There are a lot of mysterious components within any guitar amp, many of which remain puzzling even to hobbyists who have built a DIY project or two. In the seventh part of Mojotone’s series What Does This Thing Do? we’re examining output transformers and their impact on any guitar amplifier’s sound.
Most tube-amp enthusiasts who at least know their way around the major components will recognize an output transformer (OT), and many might have a basic understanding of the role it plays at the end of the signal chain. Few, however, are likely to have thought through the significance of this chunk of iron, wire and paper in shaping your amp’s overall voice.
In most guitar amplifiers the OT will be the second-largest transformer hanging from the underside of the chassis.

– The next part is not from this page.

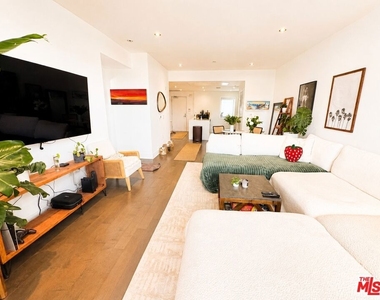 7857 W Manchester Avenue - Photo Thumbnail 19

Many amps—a traditional tweed Deluxe, for example—will only have two transformers, making the OT the smaller of the two. In others that carry a choke and/or a reverb transformer, the OT will be next down in size from the power (aka mains) transformer. In many amps (though not all), the OT will be mounted close to the output tubes and output jacks; it functions right between these two links in the chain and it makes sense to keep their connections relatively short.
In simple terms, the OT converts the output tube or tubes’ high-voltage, low-current output signal to a low-voltage, high-current signal, which also makes the tubes’ high-impedance output into a low-impedance signal that can drive a speaker. In short, this is where your guitar signal becomes wattage, and wattage of the sort that can become sound in air through a traditional speaker. The OT’s input, known as the primary, will be designed to receive a signal in the general range of 2,000 to 10,000 ohms—depending on the number and type of output tubes it is designed to work with—and will convert that to a signal of a certain strength (again, depending on the tubes and the OT’s own maximum wattage capabilities) that’s also in the very low 2-ohm to 16-ohm range, as desired to suit the amp’s speaker complement.

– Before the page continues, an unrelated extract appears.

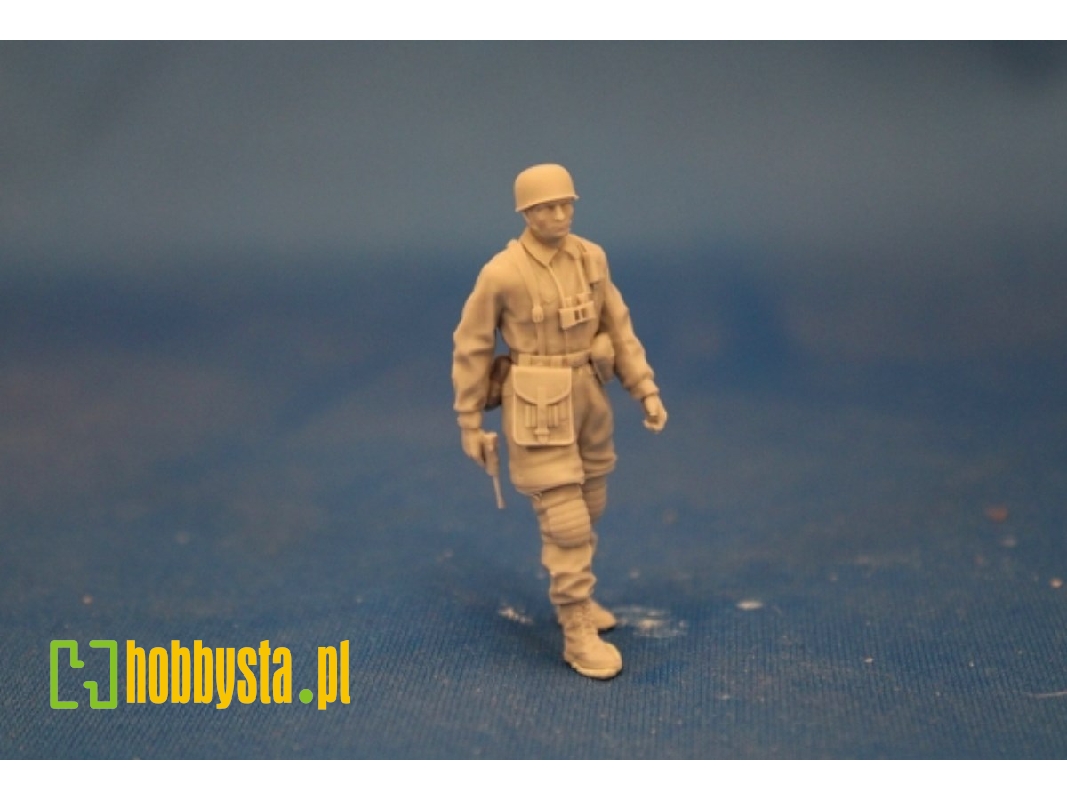 Paratrooper Officer With Pistol - zdjęcie 1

All of this might pretty matter of fact, a mere mathematical process—and it is, in one sense.
After all, this is the “transforming” that an output transformer does. As with almost everything else inside a tube amp, though, the way different makes and designs of OTs perform this transformation can have a major impact on any amp’s overall sound.
In very general terms, and in most cases, the size of an OT correlates fairly directly with its wattage-generating potential and therefore the volume it helps to produce, in conjunction with a set of output tubes with which it was designed to work. The rule of thumb is “more iron = more volume and better low-end reproduction,” but clever designers can use that equation to tweak their results in either direction. If a large, weighty OT might be able to help a pair of 6L6 output tubes reach their maximum potential of about 50 watts (in push-pull, class A/B), that might be something a designer will take advantage of in a large amp intended for big-stage use, but the same might work against an effort to produce the best-sounding mid-sized amp, or one with smaller speakers that can’t take the power or the bass content.

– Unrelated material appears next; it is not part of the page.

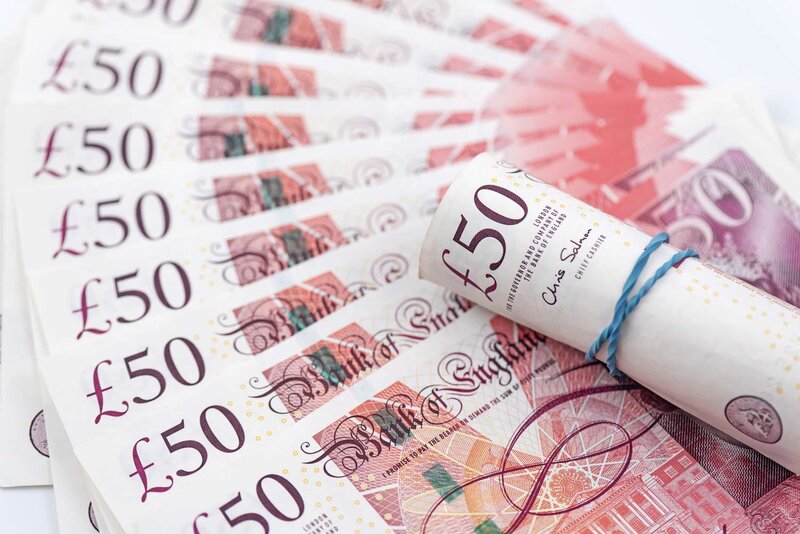 Colega, Anglia, party girls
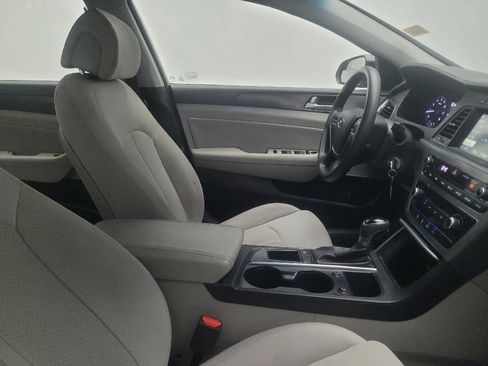 Used 2017 Hyundai Sonata Sport FWD image 21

Fender, for example, did exactly this in selecting its OTs for several classic models: the black-panel Super Reverb, Tremolux, and Vibrolux Reverb of the mid ’60s all used a pair of 6L6s in the output stage, but these were configured with a larger OT in the Super Reverb to generate 45 watts through a 4x10" speaker cab, and a relatively smaller OT in the latter two to generate around 30 to 35 watts through a smaller 2x10" speaker complement. Why produce all that power and low-end rumble if the speakers can’t handle it and the end user doesn’t need it? Leo Fender and his team clearly saw they could make the OT selection work to the design’s favor in either direction, and they used that potential wisely.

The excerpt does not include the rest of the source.